▶ Exercise prompt:
The copy must hold every line from the one with "Profile Picture of" through the end of the listing, word for word, and must hold no pictures.

▶ The data:
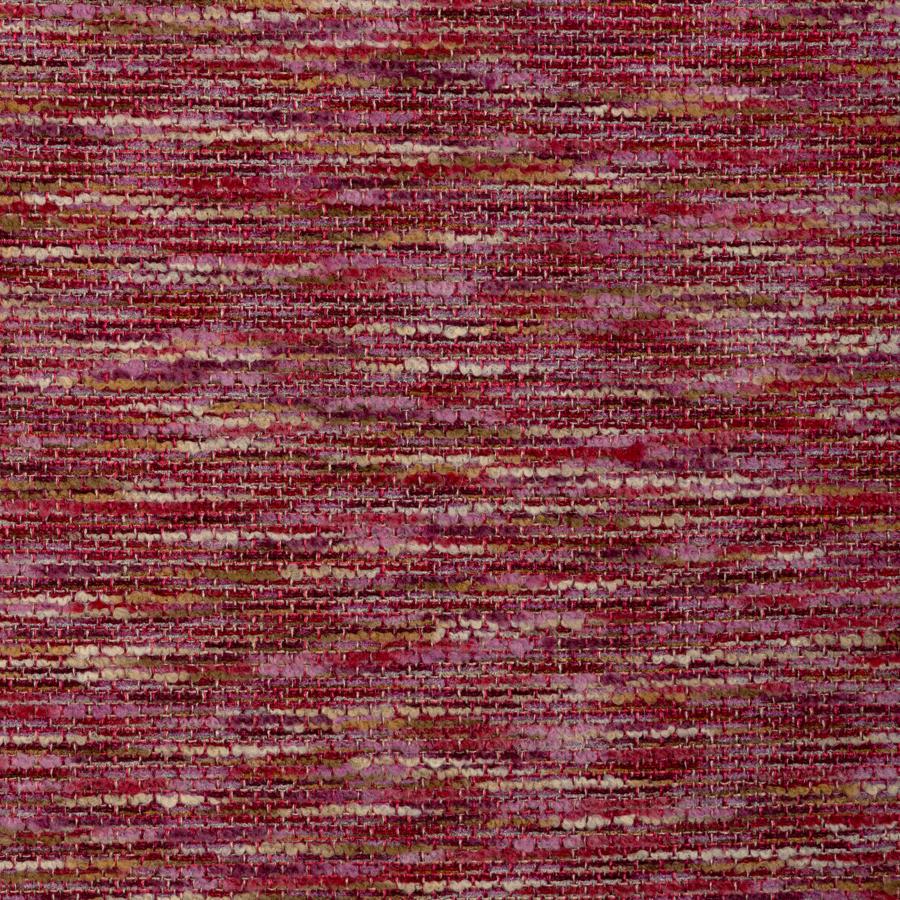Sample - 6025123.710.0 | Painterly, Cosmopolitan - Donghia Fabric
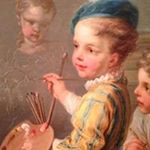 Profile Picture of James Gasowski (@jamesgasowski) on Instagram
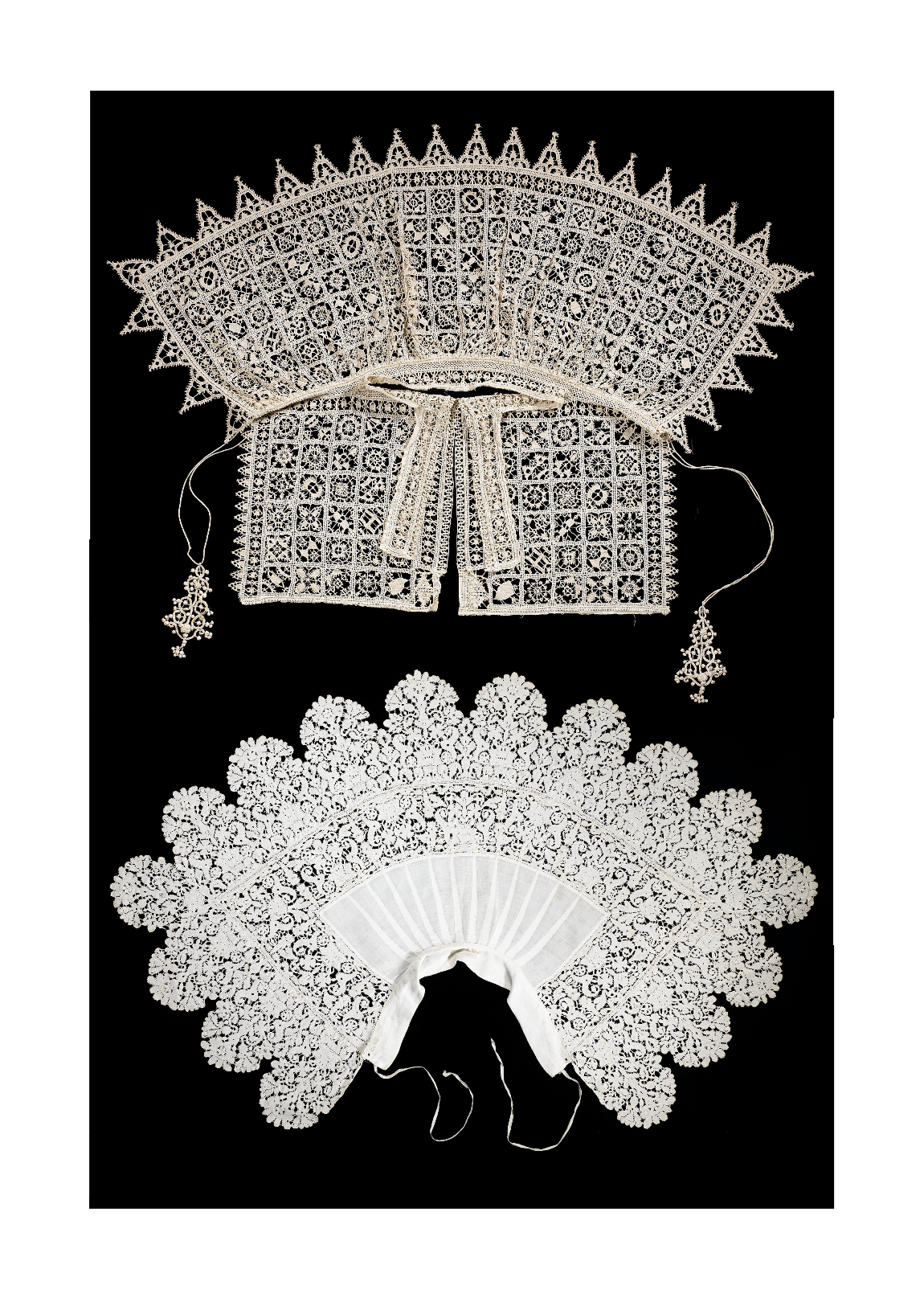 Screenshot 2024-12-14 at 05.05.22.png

▶ Result of this exercise:
 Profile Picture of James Gasowski (@jamesgasowski) on Instagram
 Screenshot 2024-12-14 at 05.05.22.png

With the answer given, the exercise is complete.